## [WORK REQUIRED]
Starting with the line with "14K or 18K Gold St. Thomas Pendant" in the entries below and going on through the line with "3dhaupt, low-poly, blender", output every line exactly and nothing more. No pictures.

━━━ PROVIDED RECORDS

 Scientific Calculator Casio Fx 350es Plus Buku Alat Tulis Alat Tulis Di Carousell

━━━━━━
━━━ PROVIDED RECORDS

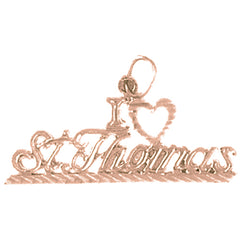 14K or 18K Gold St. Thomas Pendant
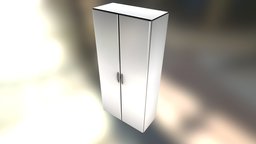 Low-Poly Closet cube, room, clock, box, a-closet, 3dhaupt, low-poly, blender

━━━━━━

## [OUTPUT OF THE EXERCISE]
 14K or 18K Gold St. Thomas Pendant
 Low-Poly Closet cube, room, clock, box, a-closet, 3dhaupt, low-poly, blender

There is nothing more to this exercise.